Chapter 7: Data Compression

Chapter 5, on checksums, showed how a line/data word might be squeezed into an almost-unique number. But the original line cannot be recovered from the number.

Chapter 7 presents techniques for compressing data into a format that can be expanded into the original artifact. These techniques are used to make image, audio, and massive-program files into a manageable size for storage or transmission. iPods, iPads, cloud storage, etc., could not exist without data compression.

Discussion question

Discuss how the abbreviations use in texting can be understood as a form of text compression. Why do people use abbreviations in texting? (What are they saving? space? time? their thumbs?)

Lossless compression

The requirement for this chapter is to produce an algorithm that can compress a text file into a smaller form that can later be expanded to the original text.
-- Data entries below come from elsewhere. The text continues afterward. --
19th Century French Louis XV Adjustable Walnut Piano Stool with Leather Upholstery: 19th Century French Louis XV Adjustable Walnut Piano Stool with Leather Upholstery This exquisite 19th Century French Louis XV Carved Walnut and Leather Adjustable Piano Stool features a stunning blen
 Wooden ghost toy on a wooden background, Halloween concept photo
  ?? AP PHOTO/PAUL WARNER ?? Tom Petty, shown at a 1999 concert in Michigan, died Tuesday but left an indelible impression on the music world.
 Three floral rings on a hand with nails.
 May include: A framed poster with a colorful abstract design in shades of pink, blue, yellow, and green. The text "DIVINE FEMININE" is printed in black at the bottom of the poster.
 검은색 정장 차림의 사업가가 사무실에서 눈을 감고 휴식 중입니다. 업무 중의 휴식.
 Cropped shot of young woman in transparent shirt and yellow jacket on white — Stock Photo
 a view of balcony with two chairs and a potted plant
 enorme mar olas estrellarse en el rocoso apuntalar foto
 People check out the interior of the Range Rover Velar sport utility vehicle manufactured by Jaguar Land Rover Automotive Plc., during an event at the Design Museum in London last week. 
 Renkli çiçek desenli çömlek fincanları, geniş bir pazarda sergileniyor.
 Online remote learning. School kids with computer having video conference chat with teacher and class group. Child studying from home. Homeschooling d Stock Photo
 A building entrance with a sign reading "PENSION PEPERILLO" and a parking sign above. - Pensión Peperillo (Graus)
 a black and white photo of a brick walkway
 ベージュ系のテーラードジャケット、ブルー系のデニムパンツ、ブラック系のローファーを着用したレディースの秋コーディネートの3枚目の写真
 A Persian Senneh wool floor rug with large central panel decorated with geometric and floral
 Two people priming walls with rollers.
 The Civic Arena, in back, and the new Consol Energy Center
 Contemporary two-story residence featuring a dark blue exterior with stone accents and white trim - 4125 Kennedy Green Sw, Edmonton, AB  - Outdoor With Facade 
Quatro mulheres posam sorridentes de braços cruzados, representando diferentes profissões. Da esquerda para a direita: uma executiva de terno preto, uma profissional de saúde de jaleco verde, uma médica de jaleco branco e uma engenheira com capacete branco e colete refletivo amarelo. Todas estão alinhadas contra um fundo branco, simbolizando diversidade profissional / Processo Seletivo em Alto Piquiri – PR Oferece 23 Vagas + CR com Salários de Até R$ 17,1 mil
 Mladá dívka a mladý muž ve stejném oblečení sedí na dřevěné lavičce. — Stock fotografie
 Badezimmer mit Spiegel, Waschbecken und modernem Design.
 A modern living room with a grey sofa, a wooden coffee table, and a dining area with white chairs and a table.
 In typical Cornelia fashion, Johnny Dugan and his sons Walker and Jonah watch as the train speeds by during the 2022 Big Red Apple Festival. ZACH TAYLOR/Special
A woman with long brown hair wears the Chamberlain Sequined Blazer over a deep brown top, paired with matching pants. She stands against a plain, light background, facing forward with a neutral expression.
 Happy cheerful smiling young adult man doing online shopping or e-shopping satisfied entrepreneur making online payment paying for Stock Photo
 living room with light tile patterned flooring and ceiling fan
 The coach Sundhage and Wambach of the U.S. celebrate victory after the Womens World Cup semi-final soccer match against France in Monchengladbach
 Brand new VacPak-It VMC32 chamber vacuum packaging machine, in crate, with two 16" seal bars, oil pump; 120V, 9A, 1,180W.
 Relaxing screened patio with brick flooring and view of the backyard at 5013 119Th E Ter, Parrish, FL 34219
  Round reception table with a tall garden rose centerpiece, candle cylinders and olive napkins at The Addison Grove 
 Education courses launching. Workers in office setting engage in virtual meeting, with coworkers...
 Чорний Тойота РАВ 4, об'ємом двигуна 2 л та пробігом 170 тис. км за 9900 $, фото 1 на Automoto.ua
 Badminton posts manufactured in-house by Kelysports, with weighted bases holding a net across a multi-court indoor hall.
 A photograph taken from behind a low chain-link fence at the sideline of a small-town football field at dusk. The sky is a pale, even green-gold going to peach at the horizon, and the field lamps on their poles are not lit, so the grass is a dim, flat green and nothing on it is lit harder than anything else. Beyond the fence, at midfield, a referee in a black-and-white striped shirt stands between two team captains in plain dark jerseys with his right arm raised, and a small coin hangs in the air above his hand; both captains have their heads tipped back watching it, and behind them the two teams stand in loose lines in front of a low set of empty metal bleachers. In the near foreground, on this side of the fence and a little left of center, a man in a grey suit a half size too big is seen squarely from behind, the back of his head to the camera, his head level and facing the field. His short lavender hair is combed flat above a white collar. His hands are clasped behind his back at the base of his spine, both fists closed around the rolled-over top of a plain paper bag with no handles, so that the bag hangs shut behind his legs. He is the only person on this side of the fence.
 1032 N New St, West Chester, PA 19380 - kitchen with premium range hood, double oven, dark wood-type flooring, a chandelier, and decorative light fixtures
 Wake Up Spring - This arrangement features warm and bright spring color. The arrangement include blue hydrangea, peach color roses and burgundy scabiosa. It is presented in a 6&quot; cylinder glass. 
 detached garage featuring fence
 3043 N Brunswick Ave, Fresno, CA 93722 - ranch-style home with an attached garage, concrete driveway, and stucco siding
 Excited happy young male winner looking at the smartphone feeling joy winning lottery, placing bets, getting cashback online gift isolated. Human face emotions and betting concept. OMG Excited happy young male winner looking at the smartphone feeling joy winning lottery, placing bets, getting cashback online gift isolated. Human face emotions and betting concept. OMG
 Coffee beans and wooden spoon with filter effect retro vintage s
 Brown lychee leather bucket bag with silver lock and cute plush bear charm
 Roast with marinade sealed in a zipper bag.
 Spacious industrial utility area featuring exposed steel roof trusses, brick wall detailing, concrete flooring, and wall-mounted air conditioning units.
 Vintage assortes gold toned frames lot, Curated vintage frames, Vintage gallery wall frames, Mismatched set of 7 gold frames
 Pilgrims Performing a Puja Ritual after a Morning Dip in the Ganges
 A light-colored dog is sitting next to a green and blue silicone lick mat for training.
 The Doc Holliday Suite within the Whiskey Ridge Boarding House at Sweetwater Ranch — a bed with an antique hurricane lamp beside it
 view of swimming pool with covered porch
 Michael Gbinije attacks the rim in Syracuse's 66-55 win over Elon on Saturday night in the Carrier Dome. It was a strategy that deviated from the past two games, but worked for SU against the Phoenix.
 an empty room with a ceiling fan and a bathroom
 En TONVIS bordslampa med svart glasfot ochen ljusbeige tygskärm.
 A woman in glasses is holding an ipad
To illustrate different ways of satisfying the requirement, we'll work with a running example. Here are the lyrics to the song, ``She Loves You,'' by the Beatles. (By the way, it will be helpful to remember the melody that goes with the lyrics. You can play the song on YouTube --- do a search for Beatles She Loves You to find it. Now, do this --- really.)

She loves you, yeah yeah yeah
She loves you, yeah yeah yeah
She loves you, yeah yeah yeah yeah

You think you've lost your love
Well, I saw her yesterday
It's you she's thinking of
And she told me what to say

She says she loves you
And you know that can't be bad
Yes, she loves you
And you know you should be glad

She said you hurt her so
She almost lost her mind
But now she says she knows
You're not the hurting kind

She says she loves you
And you know that can't be bad
Yes, she loves you
And you know you should be glad, ooh!

She loves you, yeah yeah yeah
She loves you, yeah yeah yeah
With a love like that
You know you should be glad
There's lots of repetition, and we count the words to see where:
a : 1
almost : 1
and : 5
bad : 2
be : 5
but : 1
can't : 2
glad : 3
her : 3
hurt : 1
hurting : 1
i : 1
it's : 1
kind : 1
know : 5
knows : 1
like : 1
lost : 2
love : 2
loves : 9
me : 1
mind : 1
not : 1
now : 1
of : 1
ooh : 1
said : 1
saw : 1
say : 1
says : 3
she : 16
she's : 1
should : 3
so : 1
that : 3
the : 1
think : 1
thinking : 1
to : 1
told : 1
well : 1
what : 1
with : 1
yeah : 16
yes : 2
yesterday : 1
you : 20
you're : 1
you've : 1
your : 1
(To keep this simple, we didn't worry about the case of letters.)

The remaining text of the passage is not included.